Characterisation of the Cyclin F and Sequestosome-1/p62 protein interaction and its contribution to ALS/FTD pathogenesis

Amyotrophic lateral sclerosis (ALS) and frontotemporal dementia (FTD) are neurodegenerative diseases, part of the motor neuron disease (MND) spectrum, that share genetic and pathologic features which lead to the rapid degeneration of motor neurons in the brain and spinal cord. Thus, at both a clinical and molecular level, patients may present with pure ALS, pure FTD, or a combination thereof (ALS/FTD). Only about 10% of cases are genetically linked, whereas the remaining 90% are classified as sporadic. Despite the unknown aetiology, a characteristic hallmark of ALS/FTD pathology is the presence of insoluble protein aggregates. This implicates the protein clearance pathways, the ubiquitin proteasome system (UPS) and autophagy in the pathogenesis of ALS/FTD. 
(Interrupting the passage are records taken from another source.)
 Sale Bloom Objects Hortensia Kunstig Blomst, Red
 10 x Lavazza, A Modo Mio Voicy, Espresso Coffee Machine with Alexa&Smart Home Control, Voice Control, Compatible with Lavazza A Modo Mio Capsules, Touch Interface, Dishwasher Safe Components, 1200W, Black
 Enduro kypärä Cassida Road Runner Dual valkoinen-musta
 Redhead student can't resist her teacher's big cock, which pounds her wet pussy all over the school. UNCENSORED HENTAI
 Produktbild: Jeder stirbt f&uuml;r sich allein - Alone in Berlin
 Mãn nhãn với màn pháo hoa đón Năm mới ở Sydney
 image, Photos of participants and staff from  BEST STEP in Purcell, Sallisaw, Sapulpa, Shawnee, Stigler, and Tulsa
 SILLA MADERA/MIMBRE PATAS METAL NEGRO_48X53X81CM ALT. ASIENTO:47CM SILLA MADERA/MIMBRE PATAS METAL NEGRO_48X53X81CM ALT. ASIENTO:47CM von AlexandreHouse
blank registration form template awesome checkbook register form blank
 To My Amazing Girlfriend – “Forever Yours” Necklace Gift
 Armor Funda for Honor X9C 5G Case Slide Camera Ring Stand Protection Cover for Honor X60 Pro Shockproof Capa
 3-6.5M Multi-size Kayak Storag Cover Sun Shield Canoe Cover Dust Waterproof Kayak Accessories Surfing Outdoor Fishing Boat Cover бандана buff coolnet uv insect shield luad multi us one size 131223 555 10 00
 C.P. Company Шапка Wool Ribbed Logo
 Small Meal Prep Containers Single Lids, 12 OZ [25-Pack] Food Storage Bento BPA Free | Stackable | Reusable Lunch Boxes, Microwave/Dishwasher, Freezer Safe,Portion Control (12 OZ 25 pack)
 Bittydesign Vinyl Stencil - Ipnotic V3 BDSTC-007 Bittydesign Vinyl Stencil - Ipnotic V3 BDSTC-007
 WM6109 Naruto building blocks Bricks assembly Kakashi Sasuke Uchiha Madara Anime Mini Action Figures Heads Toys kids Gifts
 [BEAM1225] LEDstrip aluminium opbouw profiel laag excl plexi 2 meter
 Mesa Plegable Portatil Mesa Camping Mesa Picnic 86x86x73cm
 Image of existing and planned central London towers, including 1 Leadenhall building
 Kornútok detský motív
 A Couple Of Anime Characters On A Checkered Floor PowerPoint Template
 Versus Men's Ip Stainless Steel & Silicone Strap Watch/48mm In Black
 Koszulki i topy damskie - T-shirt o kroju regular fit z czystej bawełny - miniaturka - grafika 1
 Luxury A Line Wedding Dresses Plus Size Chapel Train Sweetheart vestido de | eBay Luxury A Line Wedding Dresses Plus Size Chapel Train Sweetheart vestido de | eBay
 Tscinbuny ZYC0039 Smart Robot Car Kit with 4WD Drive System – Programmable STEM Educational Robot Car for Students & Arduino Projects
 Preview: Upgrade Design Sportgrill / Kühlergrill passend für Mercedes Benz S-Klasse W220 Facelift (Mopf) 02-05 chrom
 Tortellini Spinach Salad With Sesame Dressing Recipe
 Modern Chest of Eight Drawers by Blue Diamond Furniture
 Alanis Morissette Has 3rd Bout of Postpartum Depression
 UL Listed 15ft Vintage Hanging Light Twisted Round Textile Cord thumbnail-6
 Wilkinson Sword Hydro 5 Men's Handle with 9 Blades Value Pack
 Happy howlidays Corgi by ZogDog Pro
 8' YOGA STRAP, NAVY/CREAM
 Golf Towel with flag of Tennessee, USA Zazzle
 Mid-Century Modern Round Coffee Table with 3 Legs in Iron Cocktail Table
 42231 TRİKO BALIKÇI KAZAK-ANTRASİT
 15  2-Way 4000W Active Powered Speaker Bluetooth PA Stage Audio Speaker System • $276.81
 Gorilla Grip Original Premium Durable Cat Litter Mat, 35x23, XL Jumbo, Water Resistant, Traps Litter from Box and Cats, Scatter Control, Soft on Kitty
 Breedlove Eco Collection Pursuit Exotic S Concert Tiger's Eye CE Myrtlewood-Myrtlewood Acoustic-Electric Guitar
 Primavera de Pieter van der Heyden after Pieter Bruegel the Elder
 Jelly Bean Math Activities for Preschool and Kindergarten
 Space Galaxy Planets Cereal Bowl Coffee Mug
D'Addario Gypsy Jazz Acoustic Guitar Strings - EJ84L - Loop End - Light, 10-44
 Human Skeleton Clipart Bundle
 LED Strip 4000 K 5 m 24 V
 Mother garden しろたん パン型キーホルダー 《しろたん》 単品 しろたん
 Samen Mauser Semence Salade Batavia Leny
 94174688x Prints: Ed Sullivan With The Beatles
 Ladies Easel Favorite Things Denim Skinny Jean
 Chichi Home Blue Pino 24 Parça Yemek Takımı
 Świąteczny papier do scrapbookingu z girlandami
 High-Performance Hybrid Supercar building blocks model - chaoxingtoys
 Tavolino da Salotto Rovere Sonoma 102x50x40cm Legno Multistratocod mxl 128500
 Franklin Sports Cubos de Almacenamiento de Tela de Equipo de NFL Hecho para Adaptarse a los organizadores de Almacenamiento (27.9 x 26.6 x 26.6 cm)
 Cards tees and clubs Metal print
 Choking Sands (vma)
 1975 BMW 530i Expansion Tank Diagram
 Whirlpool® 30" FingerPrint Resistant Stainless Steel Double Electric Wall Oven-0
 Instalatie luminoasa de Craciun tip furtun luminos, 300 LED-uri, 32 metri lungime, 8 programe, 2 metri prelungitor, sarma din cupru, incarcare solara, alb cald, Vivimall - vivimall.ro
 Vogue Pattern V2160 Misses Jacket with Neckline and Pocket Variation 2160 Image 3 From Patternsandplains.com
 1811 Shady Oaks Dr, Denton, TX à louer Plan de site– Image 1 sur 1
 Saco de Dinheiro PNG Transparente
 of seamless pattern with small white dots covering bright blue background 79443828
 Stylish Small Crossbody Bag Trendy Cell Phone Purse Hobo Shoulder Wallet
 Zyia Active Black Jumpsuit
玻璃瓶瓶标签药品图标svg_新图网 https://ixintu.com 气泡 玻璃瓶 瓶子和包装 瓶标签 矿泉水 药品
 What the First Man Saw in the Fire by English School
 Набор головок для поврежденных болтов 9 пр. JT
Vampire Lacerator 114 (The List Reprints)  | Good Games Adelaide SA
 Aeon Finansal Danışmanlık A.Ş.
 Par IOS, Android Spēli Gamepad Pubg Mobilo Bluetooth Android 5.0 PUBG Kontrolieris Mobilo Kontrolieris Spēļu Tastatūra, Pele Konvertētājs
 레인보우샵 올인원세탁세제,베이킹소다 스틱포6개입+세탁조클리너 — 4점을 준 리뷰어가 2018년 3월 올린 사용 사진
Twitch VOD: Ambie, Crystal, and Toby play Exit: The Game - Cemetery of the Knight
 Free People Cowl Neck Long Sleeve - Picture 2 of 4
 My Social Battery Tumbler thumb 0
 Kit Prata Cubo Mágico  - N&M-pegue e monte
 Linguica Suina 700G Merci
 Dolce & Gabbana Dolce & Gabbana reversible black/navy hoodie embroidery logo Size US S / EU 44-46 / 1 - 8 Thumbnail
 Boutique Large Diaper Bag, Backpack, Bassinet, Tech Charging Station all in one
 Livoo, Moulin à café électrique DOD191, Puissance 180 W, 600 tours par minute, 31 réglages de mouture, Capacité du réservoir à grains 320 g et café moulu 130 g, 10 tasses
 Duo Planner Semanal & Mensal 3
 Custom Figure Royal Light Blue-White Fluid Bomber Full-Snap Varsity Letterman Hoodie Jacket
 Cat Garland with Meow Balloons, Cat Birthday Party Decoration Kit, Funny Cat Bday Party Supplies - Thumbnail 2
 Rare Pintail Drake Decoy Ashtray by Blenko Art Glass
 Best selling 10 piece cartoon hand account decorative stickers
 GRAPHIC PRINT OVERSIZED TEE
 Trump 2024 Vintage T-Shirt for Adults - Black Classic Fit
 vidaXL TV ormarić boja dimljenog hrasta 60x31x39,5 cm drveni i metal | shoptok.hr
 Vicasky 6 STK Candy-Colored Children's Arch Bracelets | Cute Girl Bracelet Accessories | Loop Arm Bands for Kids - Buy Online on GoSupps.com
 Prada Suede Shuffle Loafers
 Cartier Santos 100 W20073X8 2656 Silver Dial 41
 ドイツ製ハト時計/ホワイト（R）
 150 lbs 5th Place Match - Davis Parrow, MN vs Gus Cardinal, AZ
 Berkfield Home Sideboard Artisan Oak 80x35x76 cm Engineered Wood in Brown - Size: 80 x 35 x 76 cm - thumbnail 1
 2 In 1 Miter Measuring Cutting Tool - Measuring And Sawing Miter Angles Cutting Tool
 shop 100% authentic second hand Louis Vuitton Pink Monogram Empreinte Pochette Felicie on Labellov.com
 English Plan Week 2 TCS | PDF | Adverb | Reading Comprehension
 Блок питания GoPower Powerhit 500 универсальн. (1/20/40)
An ALS/FTD-causing mutation in the gene encoding Cyclin F, CCNF S621G, causes impairments in the UPS and autophagy pathways, and interacts with the key autophagy receptor, Sequestosome-1/p62 (p62). However, there was no experimental evidence on the functional relationship between Cyclin F and p62, neither on the co-causality between the S621G mutation in Cyclin F affecting p62 and ALS/FTD pathogenesis. This study sought to determine whether this was a direct protein interaction and uncover its functional role, to reveal whether Cyclin F S621G affects p62, and ultimately how they may contribute to ALS/FTD pathogenesis.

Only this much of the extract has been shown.